Publié le mardi 02 mars 2010 à 06h00
FLORENCE TRAULLÉ >
florence.traulle@nordeclair.fr
Notre littoral vit sous la menace des eaux.
Ce qui s'est passé en Charente-Maritime et en Vendée ce week-end repose la question de l'efficacité des wateringues.
À Wissant (ci-dessus), où une partie de la plage recule en moyenne de cinq mètres par an, le littoral subit déjà la pression des éléments et la montée prévisible du niveau de la mer n'arrangera
rien. À l'intérieur des terres, les équipements des wateringues
C'est un polder d'environ 100 000 hectares, peuplé d'un demi-million d'habitants qui vivent dans un triangle Dunkerque - Saint-Omer - Calais. Un territoire situé
sous le niveau de la mer et asséché au fil des siècles où les marais ont été transformés en terres agricoles.
Les wateringues, c'est une très vieille histoire. On peut la faire remonter à 1169 quand Philippe d'Alsace, comte de Flandre, crée les « water rings » (les cercles d'eau) pour planifier
les opérations d'assèchement lancées deux siècles plus tôt par trois moines : Saint-Omer, Saint-Éloi et Saint-Vinoc qui avaient tout compris de l'intérêt du vaste delta de l'Aa.

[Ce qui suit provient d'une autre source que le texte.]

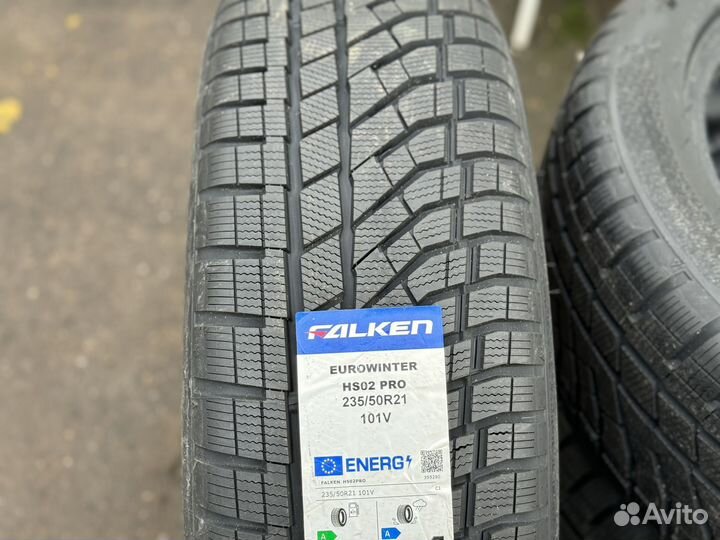 Falken Eurowinter HS02 Pro 235/50 R21 101V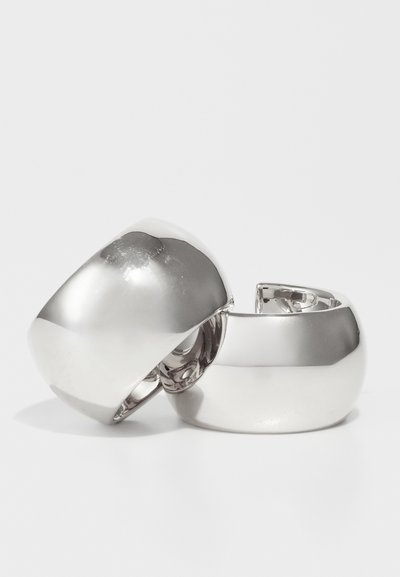 Uncommon Matters SCULPTURAL LARGE CREOLE - Σκουλαρίκια - silver-coloured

Nous sommes en 2010 et s'il est un défenseur de ces terres basses aujourd'hui et à nouveau menacées par les eaux, c'est bien Jean Schepman. Ce conseiller général du
Nord et président de l'Institution départementale des wateringues (IDW) résume simplement son boulot : « Évacuer l'eau douce de ces terres vers la mer ». Les
wateringues sont organisées autour de tout un réseau d'ouvrages servant à réguler le niveau des eaux.
L'excédent est rejeté à la mer, à marée basse, grâce à l'écoulement naturel par les fossés et canaux ou par des puissantes pompes électriques.

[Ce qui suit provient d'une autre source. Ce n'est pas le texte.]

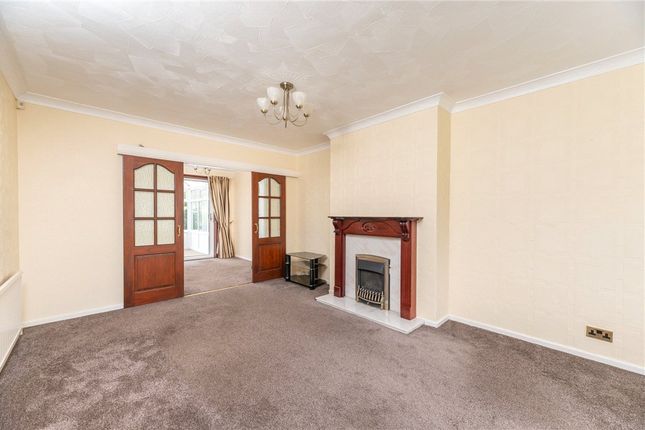 30, West Farm Avenue, West Yorkshire photo 3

Sauf que ce que l'homme a conçu, la nature le menace. Les ouvrages techniques datent. « La plupart des équipements ont été refaits dans les années 50 et 70 » mais ce n'est pas tant
qu'ils soient anciens qui l'inquiète. « On voit de plus en plus de crues bizarres, qui peuvent arriver à n'importe quel moment de l'année. Des pluies quasi tropicales, très brutales, et
les wateringues n'arrivent pas à gérer ces situations. » Pour Hervé Poher, vice-président du conseil général du Pas-de-Calais, chargé de l'Environnement, « le scénario catastrophe,
c'est une grosse pluviométrie, avec des défaillances techniques ». En novembre dernier, grosses pluies sur le Calaisis. « Comment ça a tenu, je ne sais pas... », lâche
Jean Schepman qui, en plus, a fait ses comptes : « En un mois, on a dépensé 350 000 E d'électricité pour faire fonctionner le système. C'est considérable ! On a mangé un quart de notre
budget annuel ! »
« On n'y arrive pas ! »
Sur la durée, ce n'est pas qu'il faille évacuer beaucoup plus d'eau qu'avant mais il faut le faire beaucoup plus vite. Techniquement, le système supporte un débit de 120 m³ à la seconde.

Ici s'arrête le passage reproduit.